AMC could also reduce airlift flying hours and extend the remaining
useful life of the C-5 and the C-141 aircraft by using a companion
trainer aircraft to provide additional flying experience for new
active duty flight school graduates.  Such use could extend the C-5
life by about 3.8 years and the C-141 life by about 1.1 years. 

The Air Force has long used small, inexpensive companion trainer
aircraft to supplant flying hours in aircraft that are costly to
operate.  For example, in 1976 the former Strategic Air Command
developed a companion trainer program to accelerate copilot upgrade
to aircraft commander in bomber and tanker aircraft.  Companion
trainers have also been used for the F-117 fighter and reconnaissance
aircraft, such as the U-2.  Moreover, AMC presently operates a
companion trainer program for its KC-10 and KC-135 tanker aircraft. 
New tanker pilots fly about a quarter of their flying hours each
month in the C-12 trainer aircraft as they progress from copilot to
aircraft commander.  The C-12 flying hour cost is about $275 versus
about $2,800 for the KC-10 and $2,600 for the KC-135. 

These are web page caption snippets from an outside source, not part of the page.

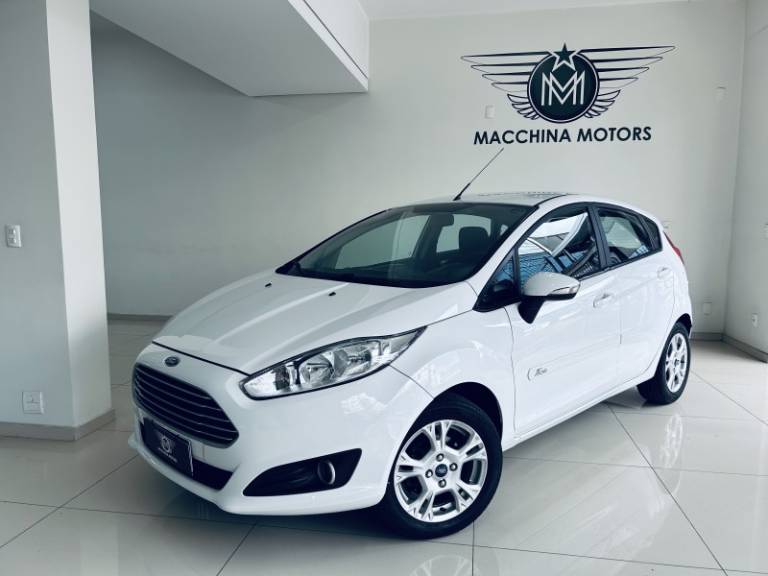 FORD - FIESTA - 2015/2015 - Branca - R$ 41.990,00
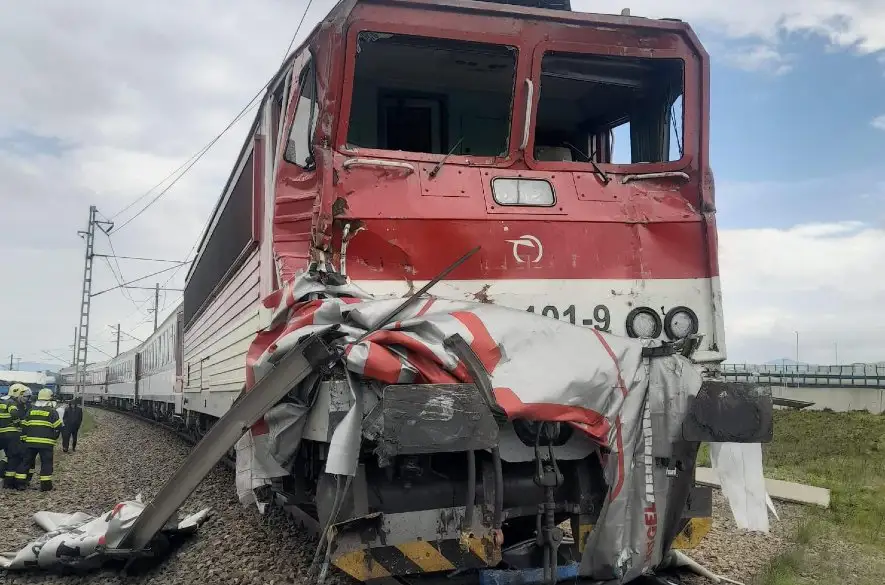 Zrážka osobného motorového vozidla a vlaku pred letiskom v Bratislave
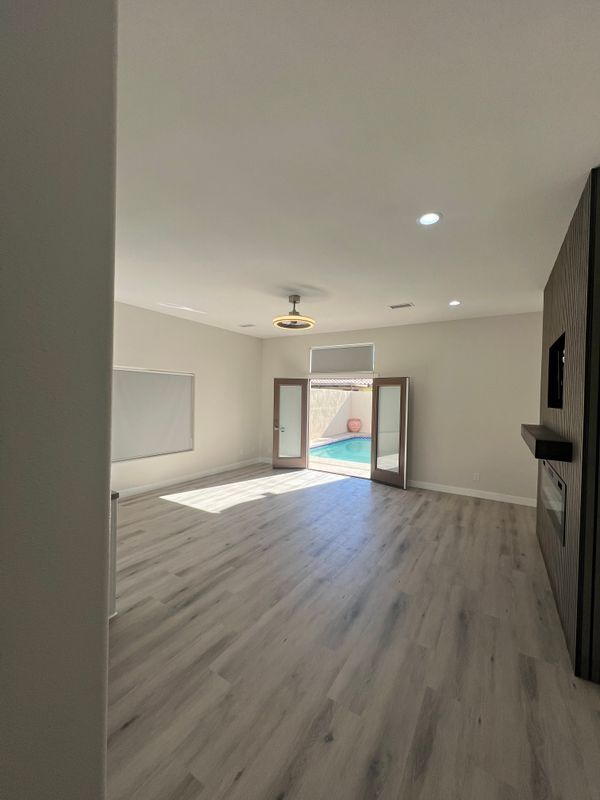 Building Photo - 78685 Bottlebrush Dr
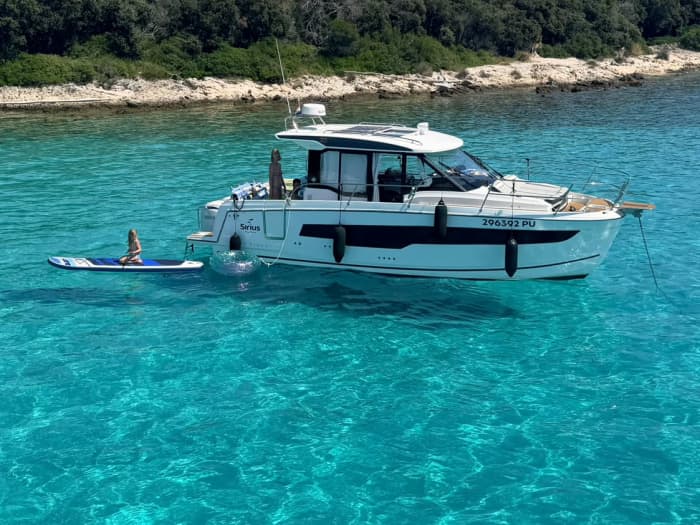 Escursione in barca lungo la costa istriana: mezza giornata a bordo di una lussuosa imbarcazione.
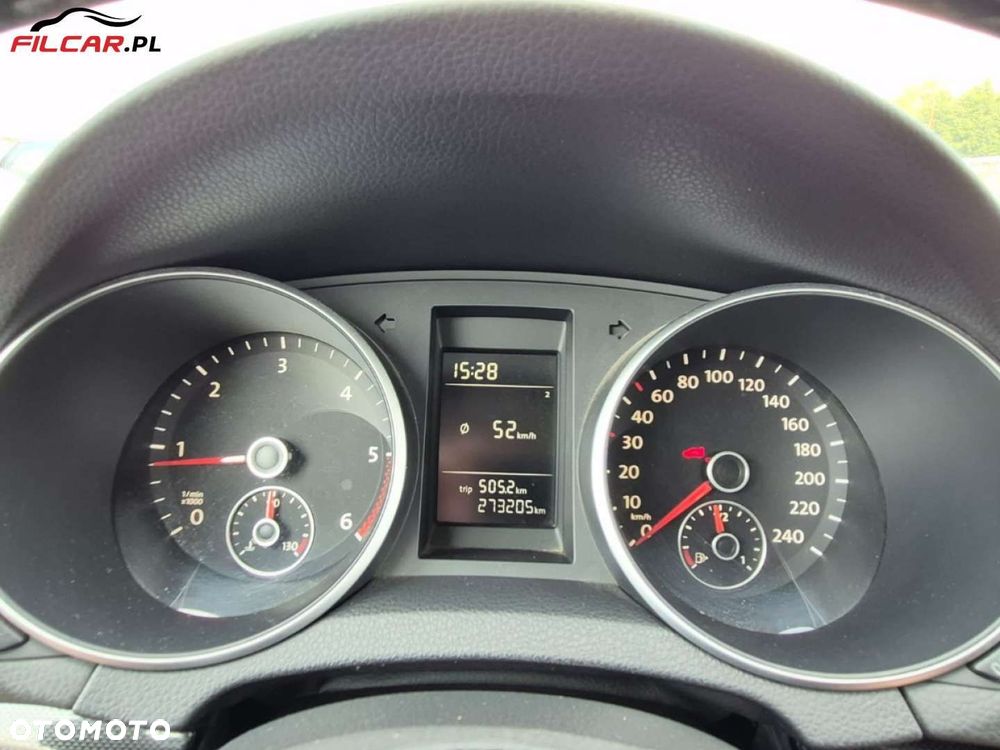 Volkswagen Golf - 11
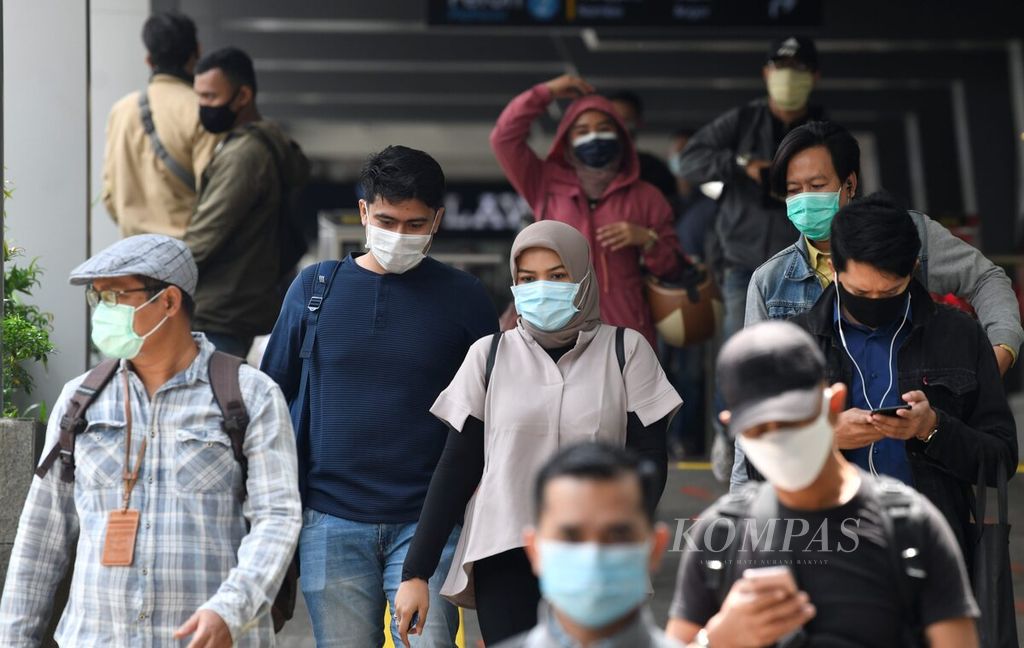 Sejumlah karyawan dan pegawai kantor tiba di Stasiun Sudirman, Jakarta Pusat, Senin (12/10/2020).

The C-141 flying hour program contains a large block of hours
specifically for experiencing or seasoning new pilots so they will be
skilled enough to progress from copilot to first pilot and then to
aircraft commander.  New C-141 pilots are programmed to fly about 20
hours per month for required training events.  An additional 14 hours
each month are programmed to gain experience.  These hours--for new
copilots to increase their pilot proficiency, judgment, and
decision-making skills--could be performed in a companion trainer

Each month AMC needs to provide about 150 C-141 pilots with 14
experiencing hours.  If a companion trainer were used for these
hours, as is common in other aircraft, about 25,000 C-141 hours
annually could be saved.  This could extend the lives of the C-141
aircraft remaining as of September 30, 1994, by as much as 1.1

The C-5 flying hour program contains no specific amount of
experiencing training because new pilots for the C-5 have
historically transitioned from other aircraft.  However, new C-5
pilots are now programmed to fly about 22 hours per month, with about
18 hours for required training events.  This leaves 4 hours per month
that are not specifically programmed for training events and that we
believe could be done in a companion trainer.  Each year AMC has
about 110 pilots being trained to become aircraft commanders in the
C-5 program.  The use of a companion trainer for 4 hours per month by
these pilots would save about 5,000 hours per year.  These flying
hour savings could extend the C-5's life by 3.8 years.\7

As was the case with an increased use of simulators, AMC would only
achieve the benefits from a companion trainer program if it does not
replace the saved training hours with other flying. 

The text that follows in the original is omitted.